ユーリが搭乗しているであろう飛行機の到着を空港で待っていて……黒髪碧眼の2〜3歳くらいの男の子がアイリスに抱かれてユーリを迎える!みたいな妄想してます。
そして持つひとりの創作キャラのピーターは何だかんだアイリスを支えてきたとか。
レノルド兄さんは……本当にみなさんの想像で美化してもいいしグッサグサに刺しまくってもいいし。彼については本当に"よくわからない"状況で終わらせたかったんです。歪んでいて、でも妹をずっと想っていて、だけど一度の負の経験で彼の全てが壊れて、結局"戦争"というものに全てを奪われた不幸な少年。そんな彼が最後の最後に、本当にほんっとうに、ちょっとだけ、気まぐれなのか分からないけど妹を助けた。なんて。
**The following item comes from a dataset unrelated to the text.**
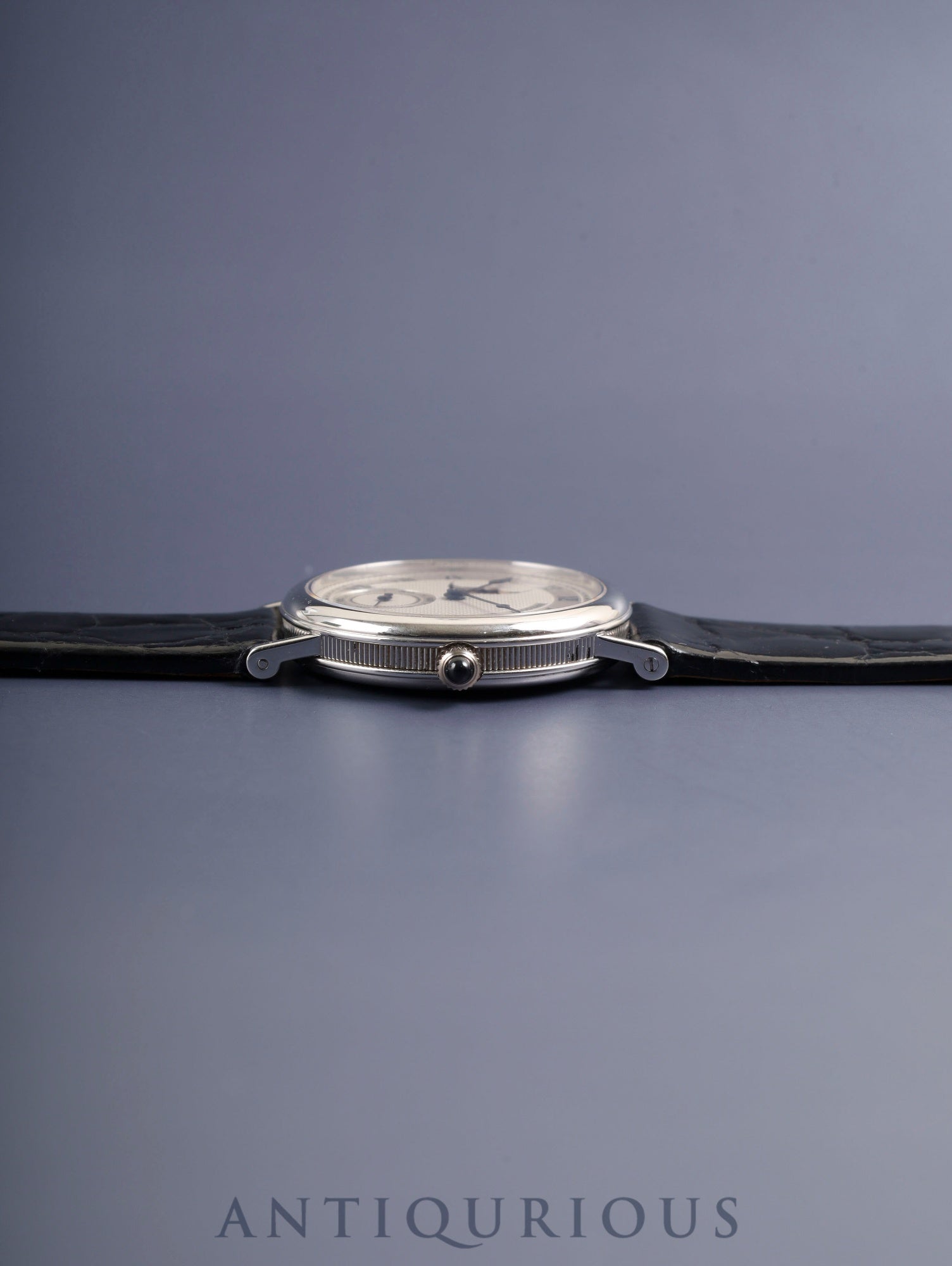 Breguet Crackle Moonphase 3280BB, manual winding, Cal. 818/4, 750WG, leather strap, original pin buckle (750WG), silver Roman numeral dial, box, recently overhauled.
実は銃で撃つつもりは本当に無かったとして、ユーリと共謀して逃げることも出来たかもしれないけど その可能性を自分自身でぶち壊したお兄さんに乾杯(最低)。
とにもかくにも、みなさんそれぞれ想像してください。
そして原作登場チームに関しては
ロイドとヨルはなんやかんやお互いバレずにめっちゃ仲良し、アーニャも無事スカラーになっていてダミアンと仲良し(ダミアンは父親の罪を償うために そりゃもう頑張りまくってる、なんて妄想。)
しばらく経って西国にロイドたちが現れたり、簡易的な結婚式を挙げたり、それを茶化す姪のアーニャが居たりとか、めちゃくちゃユーリを睨みつけて"いつか姉弟揃って消してやるわ、ユーリ・ブライア"と胸中で呟くフィオナちゃん。――うん、夢って素晴らしい。。
長くなりましたが、書き足りませんが……ここまでにさせていただきます!
ぜひコメントやメッセージ頂けると嬉しいです!
サイコパス、呪術、チェンソー!
こちらも引き続き頑張ります!
すずめ。
PS
勝手な想像、ピーターのCVは内田雄馬さん。